I'll be candid here: I've never been to a networking group where people are handing out real business leads like free samples at Costco. No, if you attend a networking meeting, you're basically paying to meet other people whose businesses have dried up even faster than your own. You just watch your e-mail in box. See how long it takes for the invitations to come flying in.

There are other indicators, too, if you know where to look. My buddy Mark always knows when the economy is going to sink because he's in the warehouse/racking business. Prices go up when times are good and companies need to store their inventory. But when things go south, companies decide not to produce any inventory because they can't sell that inventory and they certainly don't need to carry the costs of storing that inventory. It's been months now, and the warehouses are emptying out faster than coffee urns at Starbucks. Everything is gone, including the racking on which inventory was stored, leaving huge, hulking vacuums in warehouses that would best be converted to indoor tennis courts.

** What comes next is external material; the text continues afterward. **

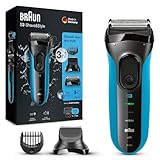 Braun Series 3 Rasierer Herren, 3-in-1-Elektrorasierer,...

When I was a young buck, I worked in an ad agency in Century City. The office was in one of those big towers, with floor-to-ceiling windows that sported views of the entire city. At the time, the economy was seriously in the tank. I'll never forget the day when Darrell, the agency owner, himself a westside millionaire, wandered into my office while staring aimlessly out the window at the vast urban expanse below and sighing, "It's not affecting just them anymore."

Eventually, things changed and things improved -- but not without a lot of pain.

This time, the pain is not only real, it's pervasive. And everyone from Main Street to Wall Street is ready for a very big, very historic shock to the economy, if not the American way of life.

It's headed straight for you, too. You know why? Because it's not just them anymore.

Wednesday, March 13, 2024

Sponsoring and Solving the Immigration Problem

I don't care what your politics is. If you're an American citizen, you simply cannot deny that the United States has a serious immigration problem. Understand that I don't mean the United States has a problem with immigrants.  It has a problem with how it manages its immigration. I doubt that anyone would dispute that the situation is out of control, with too many immigrants -- both good and bad -- flooding into the country without any means of documentation.

Of course there are all kinds of political fingers pointing at policies and personalities, but that's not going to solve very much.  Neither is arresting an "illegal" and slapping him with a Notice to Appear in some courtroom literally seven years from the date of arrest. Care to take bets on how many will ever show up?

The truth is that the entire system works backwards: At the moment, if you don't go through the system, you can stay and work in the United States for years -- even decades.  I know, because I live in Los Angeles and every second person I meet here is from somewhere else. On the other hand, if you do go through the system, you're most likely to accomplish only one thing, that being the hastening of your deportation back to your country of origin. 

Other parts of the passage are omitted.